After discovering that the manufacturing operation was nothing more than a 'ghost-town,' [MacNeil's] counsel went to a designated 'conference room where stacks of paper were present on a circular table.' (Id. at 2, 14.) Though they were initially encouraged by the 'fairly sizeable collection of documents.' They soon realized, to their dismay, that '99.9% of the documents on the table were nothing more than orders and invoices' -- records that MacNeil contends are 'essentially worthless and mean nothing to the case.' (Id. at 14.) But having been 'jammed together on a plane for more than ten hours,' (Mot. for Enforcement of This Ct.'s Apr. 12, 2010 Order 2, ECF No. 153,) [MacNeil's] counsel were determined to obtain the documents that they began the journey in search of. (Pl.'s Mot. for [default judgment at 14.]) Consequently, 'MacNeil's counsel began looking around the conference room and saw that there were stacks of documents that were thrown in the corner and buried underneath a bunch of junk.' (Id. at 14-15.) When they began to review the records, Cannon's attorney informed them that the documents were 'not meant/designated for review.' (Id. at 15.) When he failed to object, however, they continued and discovered that the documents were precisely those that they sought. (Id.)

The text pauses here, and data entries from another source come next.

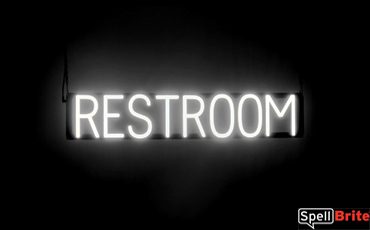 RESTROOM sign, featuring LED lights that look like neon RESTROOM signs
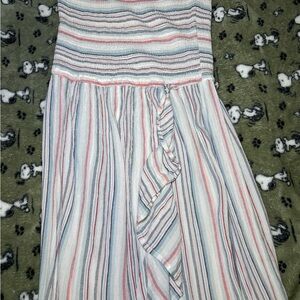 Asymmetrical Striped Dress - Red, Blue, Cream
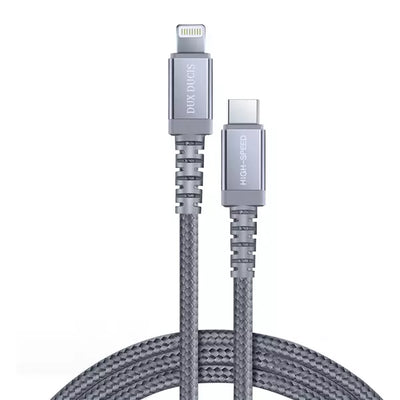 Dux Ducis Space MFI Nylon Ladekabel USB Type C PD 18W / 8Pin 1m 3A grau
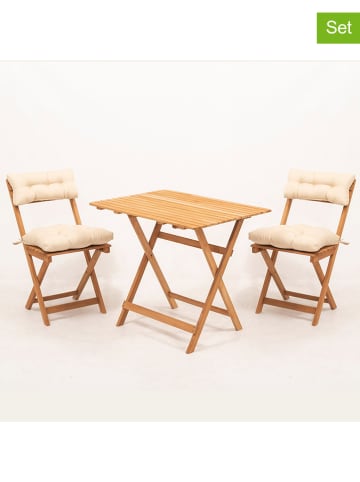 FLORIANE GARDEN 3-częściowy zestaw mebli ogrodowych w kolorze jasnobrązowym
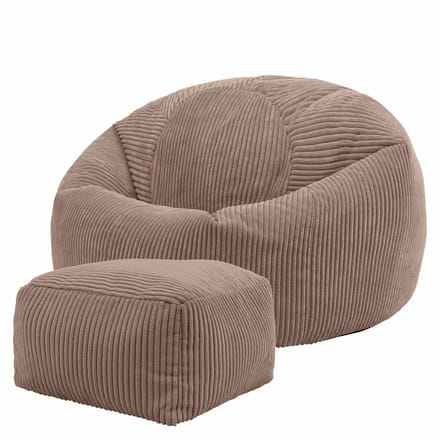 icon - Kingston Zitzak Fauteuil met Poef - Ribfluweel - Mocha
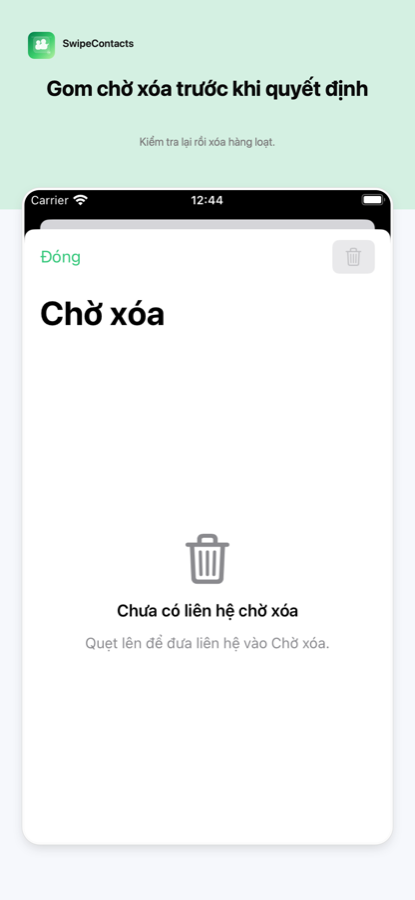 SwipeContacts pending delete screen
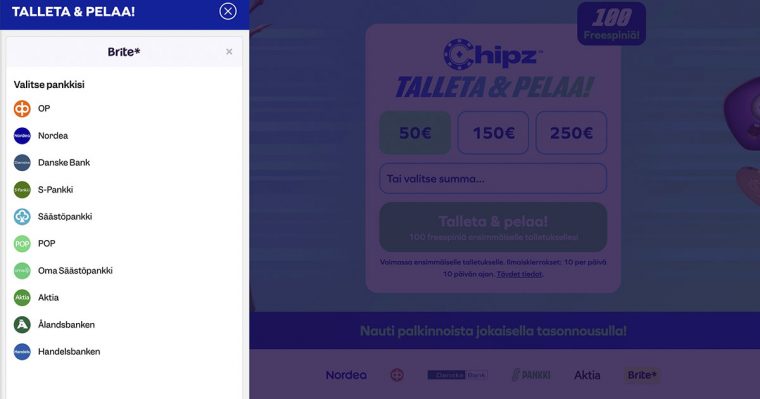 Nopea pelaaminen verkkopankkitunnuksilla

Mag. J. Keys' Report and Recommendation at 2-4 (footnote omitted.)

On June 25, 2010, MacNeil moved for default judgment against Cannon because of alleged spoliation of evidence and discovery violations. (See Doc. 156.) MacNeil also sought its attorney's fees and costs for all discovery matters since the date of the alleged spoliation (See Mot. for Default Judgment at 17.) On November 2, 2010, Judge Keys entered a Report and Recommendation recommending that this court deny MacNeil's motion and sanction Cannon for spoliation of evidence. (Doc. 219.) Specifically, Judge Keys recommended: (1) "that Cannon be prohibited from introducing any evidence regarding the proper functioning of the equipment [used to manufacture the floor mats] and that it be precluded from arguing that MacNeil or a third party caused the defects," and (2) that MacNeil be awarded its "attorney's fees and costs for all discovery matters related to the manufacturing equipment . . . from the date of spoliation." Mag. J. Keys' Report and Recommendation at 19.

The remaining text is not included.